William Leslie of verduitst Wilhelm von Leslie (Schotland, 1657Ljubljana, 4 april 1727) was een Schotse edelman alsook prelaat in de Habsburgse Kroonlanden. Hij was bisschop van Vac (1716-1718) in het koninkrijk Hongarije, bisschop van Ljubljana (1718-1727) in het hertogdom Krain, het latere Slovenië, en abt in Slovakije.

Bisschoppelijk paleis van Ljubljana en kathedraal

Leslie was een zoon van Jakob Leslie, vijfde heer van Warthill in Aberdeenshire en Anne van Elphinstone of Glack in het koninkrijk Schotland. Samen met zijn broer studeerde Leslie in King’s College in Aberdeen, een van de oudste universiteiten van Schotland. Na een korte periode als schoolmeester in Schotland reisde hij naar Wenen; hij studeerde theologie in Wenen en Graz na zijn bekering tot de Roomse Kerk. In de Habsburgse landen van het Heilige Roomse Rijk woonden familieleden van William Leslie.

In 1681 werd hij tot priester gewijd.[1] Hij studeerde verder in Rome doch vooral aan de universiteit van Padua (1684). Hier behaalde Leslie drie doctoraten: doctor in de theologie en doctor in beide rechten. Kardinaal Barbarigo, die tevens bisschop van Padua was, benoemde Leslie tot hoogleraar in de jaren 1690. Leslie doceerde er theologie. Leslie kreeg naast zijn academische benoeming ook inkomsten door prebenden die hij ontving als titulair abt (circa 1705). Zo was hij in titel abt van de cisterciënzerabdij van Spišský Štiavnik in Slovakije, destijds het koninkrijk Hongarije; hij was titulair abt van nog andere abdijen in de Habsburgse landen.

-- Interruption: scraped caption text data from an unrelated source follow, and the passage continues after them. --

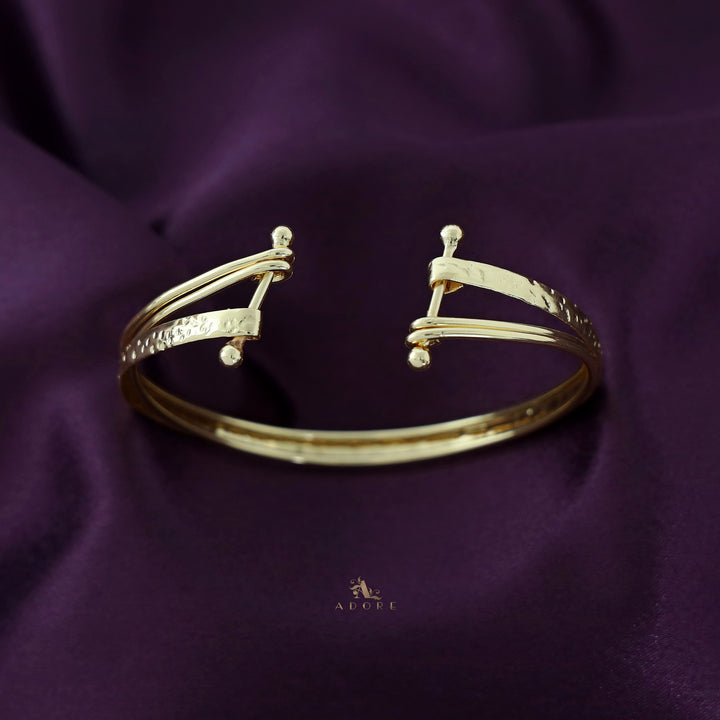 Banupriya Golden 3 Layer Bangle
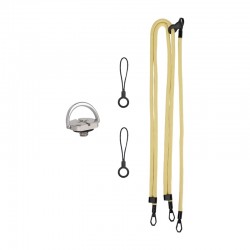 Sunnylife GS022 πολυλειτουργικός ιμάντας λαιμού για το Pocket 3 (κίτρινο)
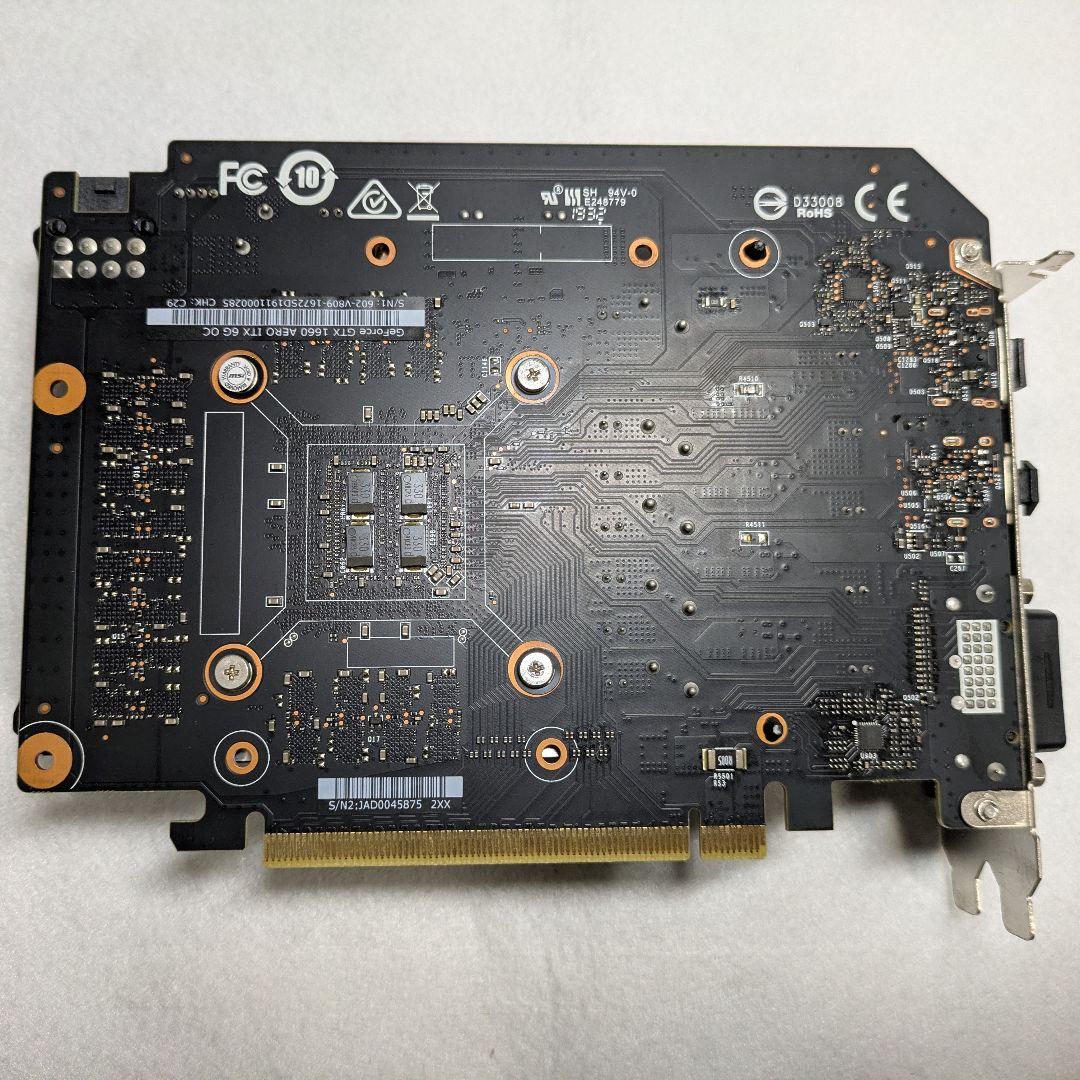 グラフィックボード・グラボ・ビデオカード MSI AERO ITX GeForce GTX 1660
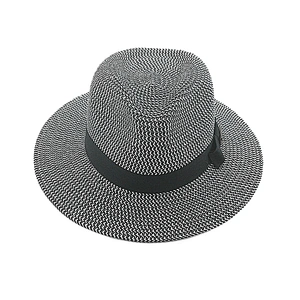 Wholesale high quality mix color fashion paper straw cheap panama hats for women and men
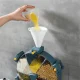 Карусель для насіння зерен з обертанням 360° Kitchen Storage Box 6 в 1 Кухонний набір для круп з кріпленням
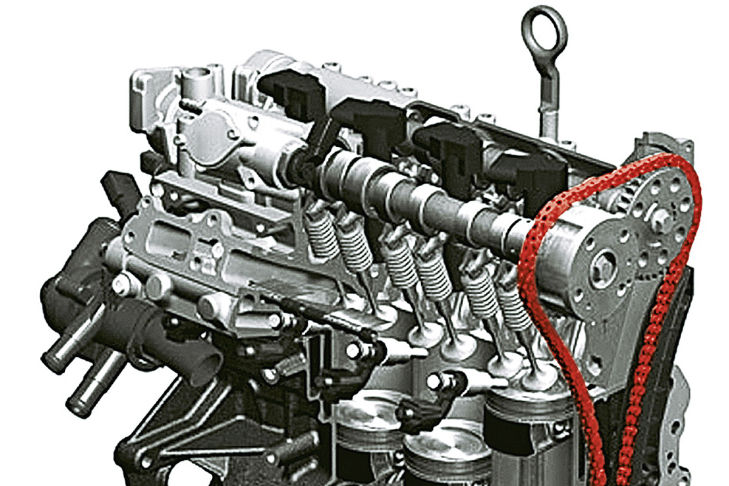 VW Polo V, TSI-Motor, Steuerkette
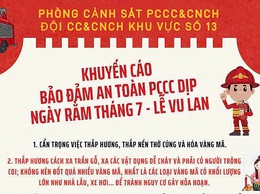 Khuyến cáo đảm bảo an toàn PCCC dịp ngày Rằm tháng 7 - Lễ Vu lan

Hij werd vanaf 1710 hulpbisschop van Triëst in de Vrije rijksstad Triëst, een Italiaanse stad onder Oostenrijks bestuur. Deze aanstelling ging gepaard ging met een bisschopswijding tot titulair bisschop van Abdera in Thracië (1712).

Dank zij steun van zijn Oostenrijkse familie verwierf Leslie de bisschopstroon van Vàc in Hongarije (1716), in het Duits Waitzen genoemd.

Door contacten met het keizerlijk hof verkreeg hij vlot de bisschopszetel van Ljubljana (1718), in het Duits Laibach genoemd. Hiermee mocht hij zich primaat van Carniola noemen alsook prins-bisschop van Laibach. Keizer Karel VI benoemde hem tot raadgever aan zijn hof. Bisschop Leslie verhuisde niet meer en verbleef tot het einde van zijn leven in Ljubljana. In een van zijn brieven (1725) naar de familie in Aberdeenshire stak hij zijn universitair diploma van Padua. Dit diploma is bewaard gebleven.[2]